While these factors make it unlikely that OPEC will be able to keep up this game of chicken without some adjustment, falling oil prices have been the bane of both the Eurozone and Japanese economies starved for inflation. It would seem we are on the verge of entering a new epoch in the oil trade, one in which the OPEC members are no longer willing to simply take their ball and go home. The rules of the game may be changing.
Swiss Gold Referendum Looms
Switzerland will hold its referendum on the “Save Our Swiss Gold” initiative this Sunday, November 30. While the initiative has been championed by gold bugs and proponents of the gold standard, it appears to be doomed by one ambitious provision.
The tenets of the referendum, which will be a wholesale “Yes” or “No” vote, are threefold: the Swiss National Bank must repatriate all Swiss gold held abroad (amounting to 30% of total reserves–20% held in England, 10% held in Canada); the bank must keep a minimum of 20% of its balance sheet covered by gold reserves (up from 7.5% at present); and the SNB would be restricted from selling any of its gold holdings.

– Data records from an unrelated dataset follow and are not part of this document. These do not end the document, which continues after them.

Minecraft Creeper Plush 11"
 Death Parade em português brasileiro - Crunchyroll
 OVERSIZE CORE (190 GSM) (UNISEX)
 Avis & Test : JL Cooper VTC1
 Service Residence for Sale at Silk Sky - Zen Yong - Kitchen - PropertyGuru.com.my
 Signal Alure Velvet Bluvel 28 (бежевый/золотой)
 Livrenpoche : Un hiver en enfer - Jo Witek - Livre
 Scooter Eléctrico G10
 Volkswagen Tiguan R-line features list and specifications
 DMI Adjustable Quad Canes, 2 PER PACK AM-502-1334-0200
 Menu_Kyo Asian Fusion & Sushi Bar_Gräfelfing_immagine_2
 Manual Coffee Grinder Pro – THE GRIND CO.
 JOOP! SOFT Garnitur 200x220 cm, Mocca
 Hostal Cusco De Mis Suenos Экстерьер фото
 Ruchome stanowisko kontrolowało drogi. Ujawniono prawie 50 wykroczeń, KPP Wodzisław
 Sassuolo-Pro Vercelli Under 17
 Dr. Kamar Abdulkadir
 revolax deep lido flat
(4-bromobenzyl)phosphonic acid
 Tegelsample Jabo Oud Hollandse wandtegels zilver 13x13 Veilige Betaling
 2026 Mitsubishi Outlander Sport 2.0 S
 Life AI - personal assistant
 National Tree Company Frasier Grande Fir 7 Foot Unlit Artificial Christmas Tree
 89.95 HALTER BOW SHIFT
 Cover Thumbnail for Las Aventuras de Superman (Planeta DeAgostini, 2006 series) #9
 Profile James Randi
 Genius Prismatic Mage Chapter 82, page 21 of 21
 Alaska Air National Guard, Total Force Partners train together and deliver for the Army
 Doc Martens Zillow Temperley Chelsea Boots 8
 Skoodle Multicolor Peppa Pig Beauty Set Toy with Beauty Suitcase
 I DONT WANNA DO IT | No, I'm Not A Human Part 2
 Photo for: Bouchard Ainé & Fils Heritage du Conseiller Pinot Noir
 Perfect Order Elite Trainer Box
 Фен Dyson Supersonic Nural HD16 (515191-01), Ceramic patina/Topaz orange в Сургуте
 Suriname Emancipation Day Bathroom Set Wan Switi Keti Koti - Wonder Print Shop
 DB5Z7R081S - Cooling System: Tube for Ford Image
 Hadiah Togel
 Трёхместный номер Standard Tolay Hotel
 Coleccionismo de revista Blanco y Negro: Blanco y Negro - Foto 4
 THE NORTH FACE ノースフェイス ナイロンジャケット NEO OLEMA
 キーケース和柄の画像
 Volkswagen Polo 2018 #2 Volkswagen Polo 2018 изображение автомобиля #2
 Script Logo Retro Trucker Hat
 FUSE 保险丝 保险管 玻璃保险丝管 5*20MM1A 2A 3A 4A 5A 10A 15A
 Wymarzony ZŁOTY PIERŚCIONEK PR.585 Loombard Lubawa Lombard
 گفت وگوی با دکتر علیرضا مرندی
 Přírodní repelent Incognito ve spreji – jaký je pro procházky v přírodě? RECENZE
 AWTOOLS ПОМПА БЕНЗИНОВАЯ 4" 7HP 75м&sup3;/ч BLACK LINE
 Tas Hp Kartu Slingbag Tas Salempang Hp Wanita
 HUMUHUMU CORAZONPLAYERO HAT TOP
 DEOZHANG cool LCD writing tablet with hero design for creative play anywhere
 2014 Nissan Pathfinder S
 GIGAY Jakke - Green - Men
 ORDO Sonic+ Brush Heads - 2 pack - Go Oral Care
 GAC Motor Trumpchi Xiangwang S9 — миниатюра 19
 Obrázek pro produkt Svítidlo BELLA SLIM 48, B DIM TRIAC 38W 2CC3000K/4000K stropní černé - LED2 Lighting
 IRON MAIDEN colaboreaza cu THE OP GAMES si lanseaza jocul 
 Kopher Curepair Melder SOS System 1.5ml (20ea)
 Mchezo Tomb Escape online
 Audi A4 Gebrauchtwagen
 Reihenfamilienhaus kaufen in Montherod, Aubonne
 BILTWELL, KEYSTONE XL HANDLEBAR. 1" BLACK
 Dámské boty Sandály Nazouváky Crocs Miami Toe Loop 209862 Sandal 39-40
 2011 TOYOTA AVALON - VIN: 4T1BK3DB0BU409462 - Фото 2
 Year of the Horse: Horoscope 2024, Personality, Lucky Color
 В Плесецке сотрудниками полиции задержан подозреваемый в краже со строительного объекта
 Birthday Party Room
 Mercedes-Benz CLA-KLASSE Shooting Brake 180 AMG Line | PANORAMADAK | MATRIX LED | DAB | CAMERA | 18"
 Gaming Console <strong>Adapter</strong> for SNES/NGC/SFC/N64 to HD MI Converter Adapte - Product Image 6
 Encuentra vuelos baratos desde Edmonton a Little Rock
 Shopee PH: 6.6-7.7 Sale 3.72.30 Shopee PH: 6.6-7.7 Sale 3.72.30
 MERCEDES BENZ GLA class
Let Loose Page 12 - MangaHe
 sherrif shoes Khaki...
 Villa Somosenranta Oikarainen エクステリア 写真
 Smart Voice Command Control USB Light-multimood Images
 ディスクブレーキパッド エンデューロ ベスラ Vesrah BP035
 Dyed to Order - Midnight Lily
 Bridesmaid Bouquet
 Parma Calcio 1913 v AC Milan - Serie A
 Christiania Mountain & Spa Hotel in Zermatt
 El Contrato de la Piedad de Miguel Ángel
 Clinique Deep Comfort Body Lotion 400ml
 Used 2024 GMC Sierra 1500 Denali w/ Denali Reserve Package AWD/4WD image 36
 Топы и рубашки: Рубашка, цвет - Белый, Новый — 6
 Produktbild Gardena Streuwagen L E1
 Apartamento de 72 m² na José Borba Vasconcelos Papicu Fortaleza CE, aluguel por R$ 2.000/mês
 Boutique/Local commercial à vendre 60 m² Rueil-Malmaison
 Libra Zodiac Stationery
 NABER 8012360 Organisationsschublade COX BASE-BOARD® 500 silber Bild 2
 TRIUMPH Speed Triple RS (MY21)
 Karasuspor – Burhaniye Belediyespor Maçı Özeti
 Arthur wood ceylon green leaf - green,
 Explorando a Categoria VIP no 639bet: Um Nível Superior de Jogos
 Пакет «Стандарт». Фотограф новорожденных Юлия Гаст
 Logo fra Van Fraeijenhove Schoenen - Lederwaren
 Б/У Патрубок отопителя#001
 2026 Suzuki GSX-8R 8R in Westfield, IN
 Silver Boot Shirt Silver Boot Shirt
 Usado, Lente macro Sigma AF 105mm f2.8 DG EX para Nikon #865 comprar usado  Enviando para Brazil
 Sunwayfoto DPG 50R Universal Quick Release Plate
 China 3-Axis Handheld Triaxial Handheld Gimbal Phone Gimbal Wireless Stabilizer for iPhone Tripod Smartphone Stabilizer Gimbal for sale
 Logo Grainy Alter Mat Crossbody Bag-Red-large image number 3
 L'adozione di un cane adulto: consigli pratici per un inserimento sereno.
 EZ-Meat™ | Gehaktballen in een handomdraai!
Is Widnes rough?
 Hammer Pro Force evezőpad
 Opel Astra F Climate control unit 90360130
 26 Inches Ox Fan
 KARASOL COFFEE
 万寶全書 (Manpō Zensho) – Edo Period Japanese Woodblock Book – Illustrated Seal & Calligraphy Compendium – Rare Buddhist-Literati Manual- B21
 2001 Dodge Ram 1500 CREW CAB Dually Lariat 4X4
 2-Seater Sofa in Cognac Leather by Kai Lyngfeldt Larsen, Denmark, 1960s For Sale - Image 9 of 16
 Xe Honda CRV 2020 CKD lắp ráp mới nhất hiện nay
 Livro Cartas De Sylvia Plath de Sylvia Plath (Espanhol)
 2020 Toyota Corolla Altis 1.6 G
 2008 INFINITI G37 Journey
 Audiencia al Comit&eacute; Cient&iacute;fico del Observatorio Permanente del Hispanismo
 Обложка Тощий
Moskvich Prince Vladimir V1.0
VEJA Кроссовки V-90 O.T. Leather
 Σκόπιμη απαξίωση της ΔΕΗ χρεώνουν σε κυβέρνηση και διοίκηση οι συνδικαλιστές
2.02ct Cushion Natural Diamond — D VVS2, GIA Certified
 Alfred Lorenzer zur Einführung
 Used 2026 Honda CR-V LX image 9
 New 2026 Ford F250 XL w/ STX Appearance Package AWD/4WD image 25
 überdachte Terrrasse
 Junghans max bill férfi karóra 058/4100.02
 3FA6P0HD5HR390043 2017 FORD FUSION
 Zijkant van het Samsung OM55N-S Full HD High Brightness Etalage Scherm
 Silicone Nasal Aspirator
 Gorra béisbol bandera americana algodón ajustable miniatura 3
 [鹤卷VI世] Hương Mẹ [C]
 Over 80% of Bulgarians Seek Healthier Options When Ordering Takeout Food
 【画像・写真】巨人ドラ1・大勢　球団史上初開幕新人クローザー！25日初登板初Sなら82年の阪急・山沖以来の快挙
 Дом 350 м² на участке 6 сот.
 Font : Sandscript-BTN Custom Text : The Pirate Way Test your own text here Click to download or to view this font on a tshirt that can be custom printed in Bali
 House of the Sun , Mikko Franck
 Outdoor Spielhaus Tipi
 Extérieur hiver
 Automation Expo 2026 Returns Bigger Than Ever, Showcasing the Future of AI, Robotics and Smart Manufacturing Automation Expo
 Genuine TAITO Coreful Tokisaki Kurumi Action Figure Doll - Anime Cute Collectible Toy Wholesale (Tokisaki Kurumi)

This third stipulation is the killer: without the ability to ever sell its gold, the SNB would have a difficult time making adjustments to its balance sheet. Every increase in forex reserves would require additional buying of gold, but no gold would be removed from reserves if the bank’s holdings should ever need to contract. SNB officials have further levied that this “unsellable” gold would essentially be a dead asset, robbing the central bank of its flexibility in setting monetary policy.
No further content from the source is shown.